Thanks Rong, I will follow that issue.
> On Mar 30, 2019, at 6:42 AM, Rong Rong <walter...@gmail.com
> <mailto:walter...@gmail.com>> wrote:
>
> Hi Qi,
>
> I think the problem may be related to another similar problem reported in a
> previous JIRA [1]. I think a PR is also in discussion.
>
> Thanks,
> Rong
>
> [1] https://issues.apache.org/jira/browse/FLINK-10868
> <https://issues.apache.org/jira/browse/FLINK-10868>
> On Fri, Mar 29, 2019 at 5:09 AM qi luo <luoqi...@gmail.com
> <mailto:luoqi...@gmail.com>> wrote:
> Hello,
>
> Today we encountered an issue where our Flink job request for Yarn container
> infinitely. In the JM log as below, there were errors when starting TMs
> (caused by underlying HDFS errors). So the allocated container failed and the
> job kept requesting for new containers. The failed containers were also not
> returned the the Yarn, so this job quickly exhausted our Yarn resources.
>
> Is there any way we can avoid such behavior?

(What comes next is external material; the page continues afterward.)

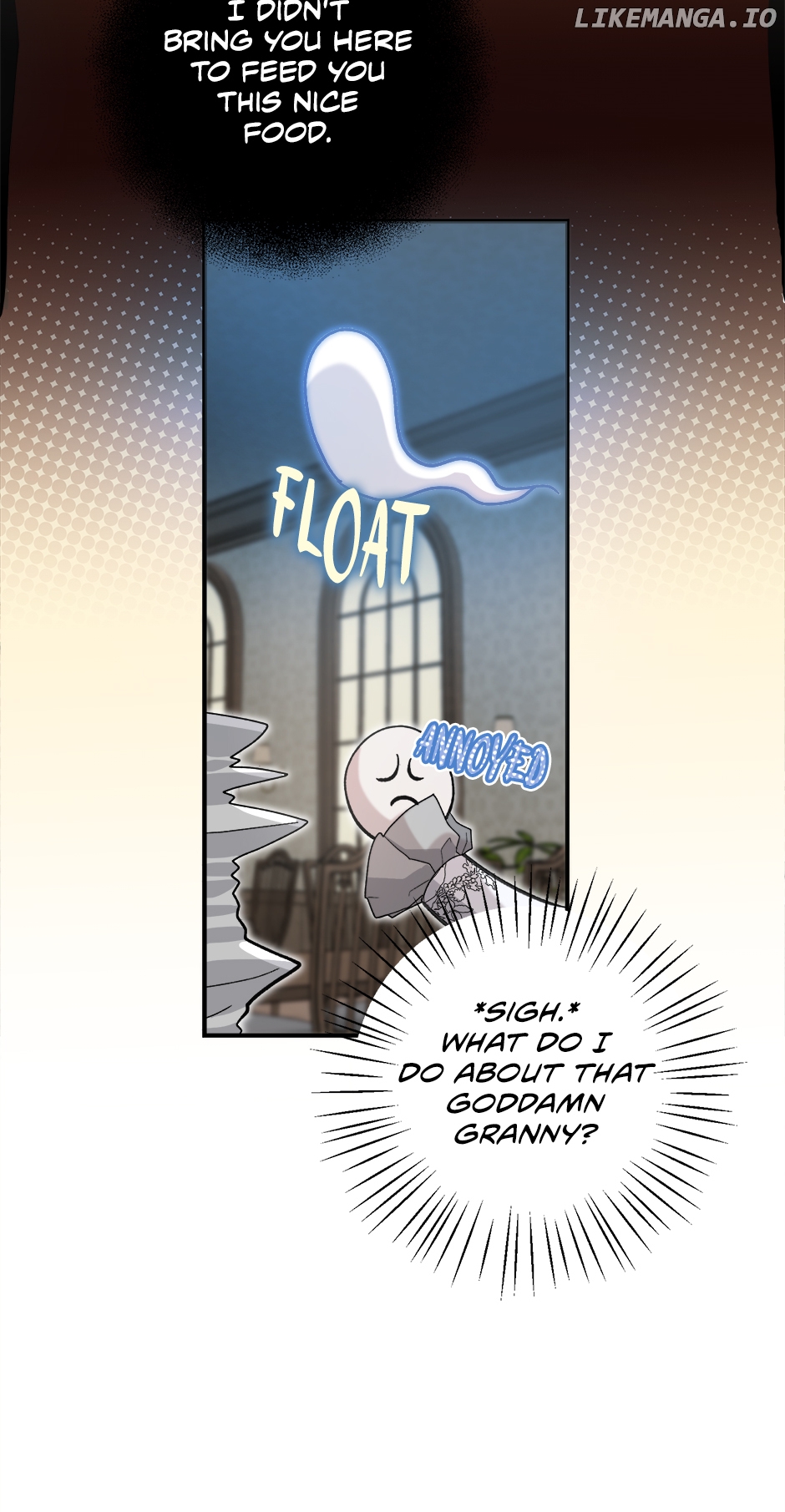 The Wallflower Who Was Proposed to by the Tyrant Chapter 2 - page 62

Thank you!
>
> ————————
> JM log:
>
> INFO org.apache.flink.yarn.YarnResourceManager -
> Creating container launch context for TaskManagers
> INFO org.apache.flink.yarn.YarnResourceManager -
> Starting TaskManagers
> INFO org.apache.hadoop.yarn.client.api.impl.ContainerManagementProtocolProxy
> - Opening proxy : xxx.yyy
> ERROR org.apache.flink.yarn.YarnResourceManager - Could
> not start TaskManager in container container_e12345.
> org.apache.hadoop.yarn.exceptions.YarnException: Unauthorized request to
> start container.
> ....
> INFO org.apache.flink.yarn.YarnResourceManager -
> Requesting new TaskExecutor container with resources <memory:16384,
> vCores:4>. Number pending requests 19.
> INFO org.apache.flink.yarn.YarnResourceManager -
> Received new container: container_e195_1553781735010_27100_01_000136 -
> Remaining pending container requests: 19
> ————————
>
> Thanks,
> Qi